DATASET CONTENT section start

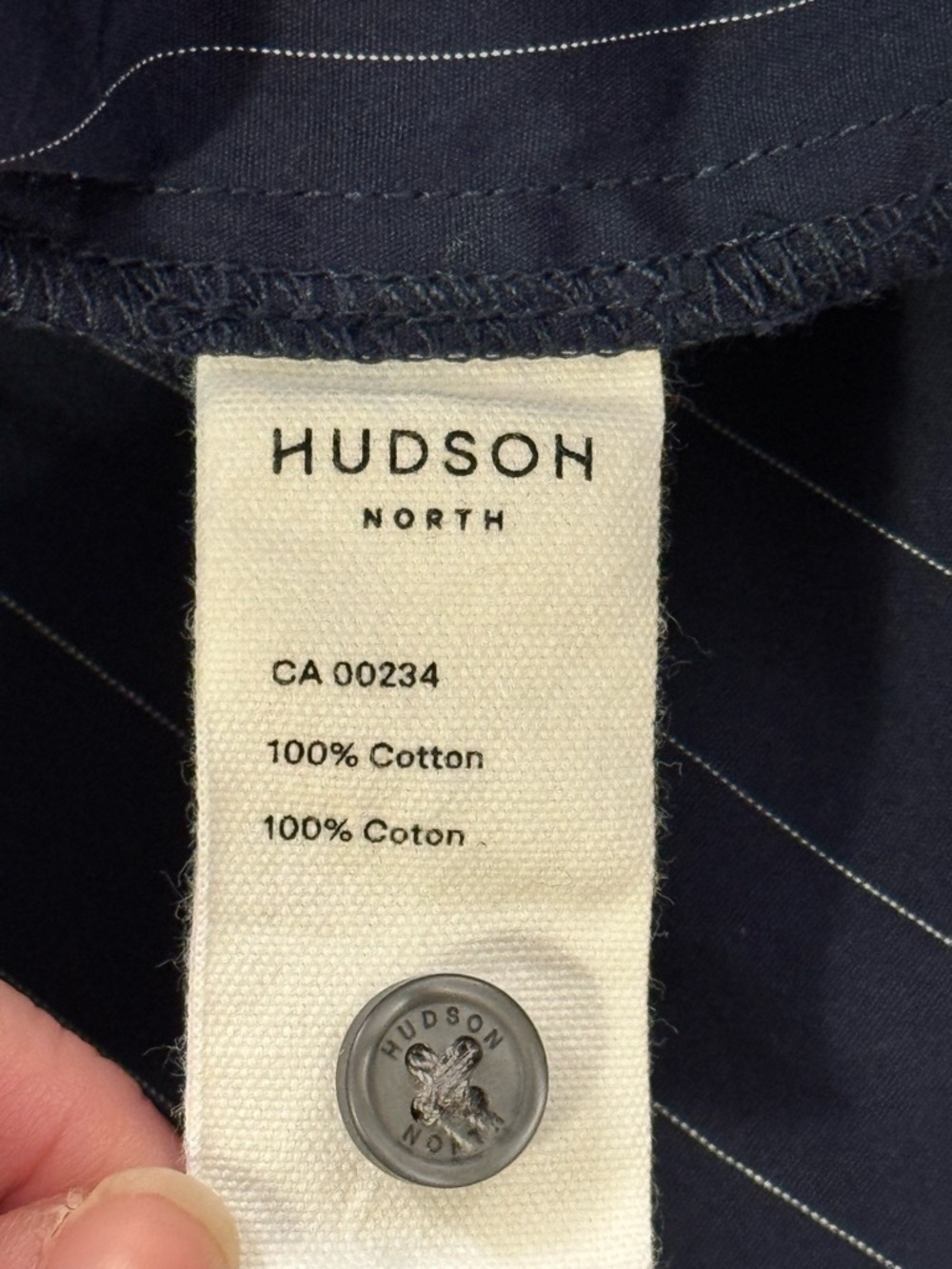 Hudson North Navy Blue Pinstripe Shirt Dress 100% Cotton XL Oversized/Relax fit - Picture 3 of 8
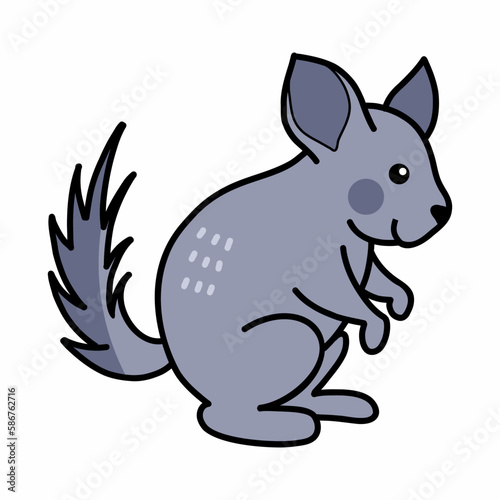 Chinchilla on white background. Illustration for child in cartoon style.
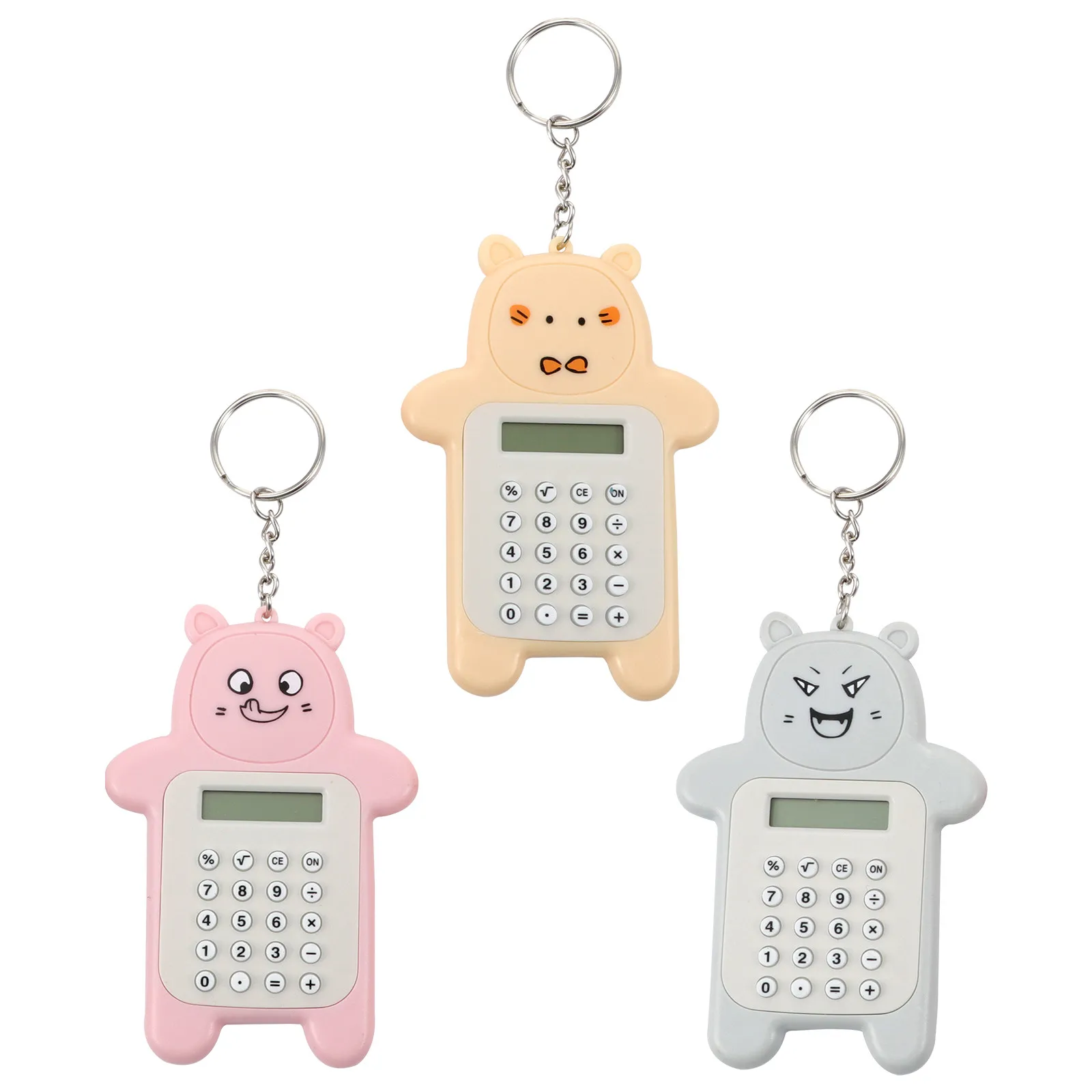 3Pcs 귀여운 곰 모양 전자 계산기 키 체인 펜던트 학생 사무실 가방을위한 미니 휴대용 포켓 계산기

DATASET CONTENT section end

Omit the pictures, then give all the lines above again exactly.

 Hudson North Navy Blue Pinstripe Shirt Dress 100% Cotton XL Oversized/Relax fit - Picture 3 of 8
 Chinchilla on white background. Illustration for child in cartoon style.
 3Pcs 귀여운 곰 모양 전자 계산기 키 체인 펜던트 학생 사무실 가방을위한 미니 휴대용 포켓 계산기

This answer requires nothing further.